To provide a church for all people welcoming all truths, with fellowship, clergy training, and social outreach programs for those driven away from church because of judgment, discrimination, ill-alignment with beliefs or practices, those made to feel unworthy and unwelcome, both domestically and globally, and to provide programs for those suffering and with less than. The organization is organized exclusively for purposes as a church pursuant to section 501(c)(3) of the Internal Revenue Code.


ARTICLE III MEETINGS

Section 1. Annual Meeting. An annual meeting of the Directors shall be held once each calendar year for the purpose of transaction of such business as may properly come before the meeting. The annual meeting shall be held at the time and place designated by the Board of Directors from time to time. Annual Meetings of the Board of Directors is not required to be held at a geographic location if the meeting is held by means of the internet or other electronic communications technology in a manner pursuant to which the directors have the opportunity to read or hear the proceedings substantially concurrent with the occurrence of the proceedings, note on matters submitted to the directors, pose questions, make comments, and vote.
Section 2. Special Meetings. Special meetings of the Directors may be requested by the Chair, Vice-Chair, Managing Director, or the Board of Directors. A special meeting of directors is not required to be held at a geographic location if the meeting is held by means of the internet or other electronic communications technology in a manner pursuant to which the directors have the opportunity to read or hear the proceedings substantially concurrent with the occurrence of the proceedings, note on matters submitted to the directors, pose questions, make comments, and vote.
Section 3. Monthly Meetings.
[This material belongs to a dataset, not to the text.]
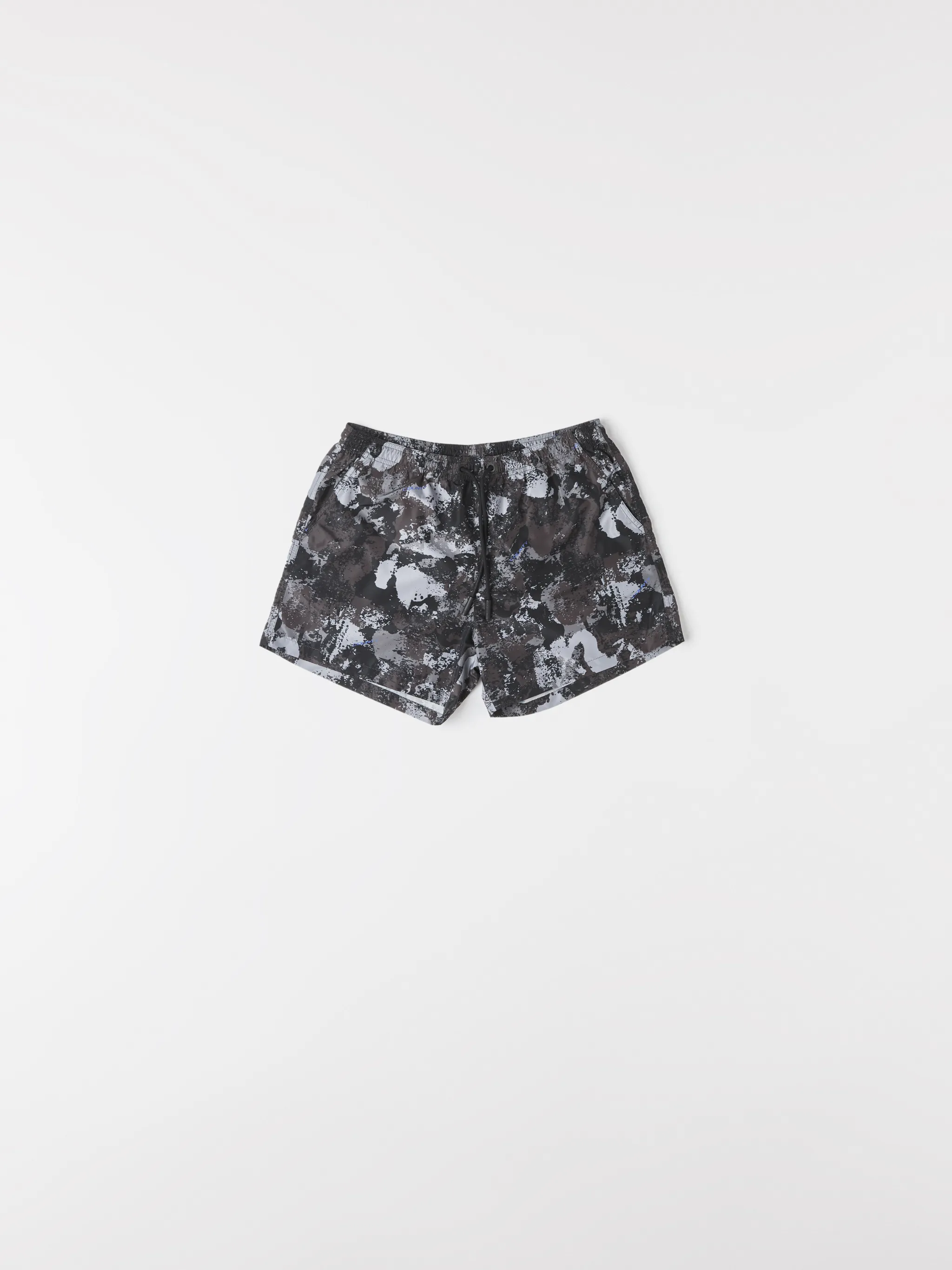 Grey camouflage pattern swimming shorts from Marcelo Burlon County of Milan featuring elasticated waistband, drawstring fastening, two side slit pockets and rear patch pocket. Be mindful to try on swimwear over your own garments. We don't mind what you do after!.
Monthly Meetings of the Directors shall be held once each calendar month for the purpose of transaction of such business as may properly come before the meeting. A special meeting of directors is not required to be held at a geographic location if the meeting is held by means of the internet or other electronic communications technology in a manner pursuant to which the directors have the opportunity to read or hear the proceedings substantially concurrent with the occurrence of the proceedings, note on matters submitted to the directors, pose questions, make comments, and vote.
Section 4. Notice. Written notice of all meetings shall be provided under this section or as otherwise required by law. The Notice shall state the place, date, and hour of meeting, and if for a special meeting, the purpose of the meeting. Meeting notice may be emailed. However, a text must also be sent to each Board Member notifying them of the email notification sent and its purpose (i.e., notice of Board of Director's Meeting emailed, etc., etc.)
Section 5. Place of Meeting. Meetings shall be held at the church's principal place of business unless otherwise stated in the notice. Unless the articles of incorporation or bylaws provide otherwise, the board of directors may permit any or all directors to participate in a regular or special meeting by or conduct the meeting through the use of any means of communication by which all directors participating may simultaneously hear each other during this meeting. A director participating in a meeting by this means shall be deemed to be present in person at the meeting. This includes telephone, video, or other electronic platforms.
Section 6. Quorum. A majority of the directors shall constitute a quorum at a meeting but must include the Chair and either the Vice-Chair or Managing Director to hold any vote. In the absence of a quorum, a majority of the directors may adjourn the meeting to another time without further notice. If a quorum is represented at an adjourned meeting, any business may be transacted that might have been transacted at the meeting as originally scheduled. The directors present at a meeting represented by a quorum may continue to transact business until adjournment, even if the withdrawal of some directors result in the representation of less than a quorum.
Section 7. Rules of Order. The latest edition of ROBERT’S RULES OF ORDER shall be the authority of this ministry on parliamentary law and its usage unless otherwise provided by these bylaws.


ARTICLE IV INCORPORATORS

Section 1. Incorporators. The Incorporators are the Founders of the Church and are Jan Cohen, Donna Cohen, and Barbara C. Corcoran.
Section 2. Council of Three. The Incorporators/Founders shall establish the Council of Three and shall be the first appointees to the Council of Three. The purpose of the Council of Three is to establish the head of church, education, and out-reach ministries.
Section 3. Board of Directors. The Incorporators shall appoint the first Board of Directors in accordance with Michigan State Law, within the first year of operation, whose purpose is to develop constitutionally based policy for the church.
Section 4. Executive Committee. The Incorporators shall appoint all Executive Committee whose purpose is to implement the policies approved by the Board of Directors.
Section 5. Clergy Path. the Incorporators shall establish the clergy of the church with three clergy paths which establish that all clergy members are Pastors, and each Clergy path is a specialized path of study and calling. Clergy assignment to designated paths is based on the calling of each individual. Some Clergy are crossovers and have mastered specialized studies while demonstrating knowledge, skills and abilities in multiple paths.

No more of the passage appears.